Data were retrieved from LQTS probands (the first to be identified in a family) registered with the Cardiac Inherited Diseases Registry in New Zealand. This consent-based voluntary patient and family registry permits the storage of detailed clinical and genetic information.9,–,11 Detailed review of the records from children with water-related syncope was undertaken, and who were subsequently proven to have LQTS. In particular, we report the exact mode of presentation, as reported by first-hand witness accounts, if there was any delay in the diagnosis being made, and the outcome for the proband and other family members.
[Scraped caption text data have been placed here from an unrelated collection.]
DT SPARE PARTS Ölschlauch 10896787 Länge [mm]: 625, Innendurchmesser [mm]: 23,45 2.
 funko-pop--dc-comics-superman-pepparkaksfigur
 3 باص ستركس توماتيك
The corrected QT interval (QTc) reported is the maximal QT interval, measured in V5 and lead II, corrected for heart rate using the Bazett formula (QT interval divided by the square root of the preceding R-R interval).
Data from 10 genotyped LQTS subjects with a documented history of water-related syncope in childhood were retrieved. Nine had LQTS type 1 (KCNQ1), and in one case the genotype could not be identified (see table 1). The male:female ratio was 1:1. The age of the subject at the time of the water-related event ranged from 3 to 13 years. The water-related event led to a diagnosis in six subjects, but three subjects were diagnosed 1–17 years later due to another subsequent event, one of which was fatal. Initial QTc ranged from 450 ms to 600 ms. Minimal QTc on follow-up ranged from 340 ms to 460 ms. All subjects were started on β-blocker medication, three also had an intracardiac defibrillator (ICD) inserted, two of whom have also had left cardiac sympathectomy. The probands were subsequently found to have between two and seven affected family members each, through family screening. In the family of one subject (case number 7), one parent was gene negative and the other declined testing.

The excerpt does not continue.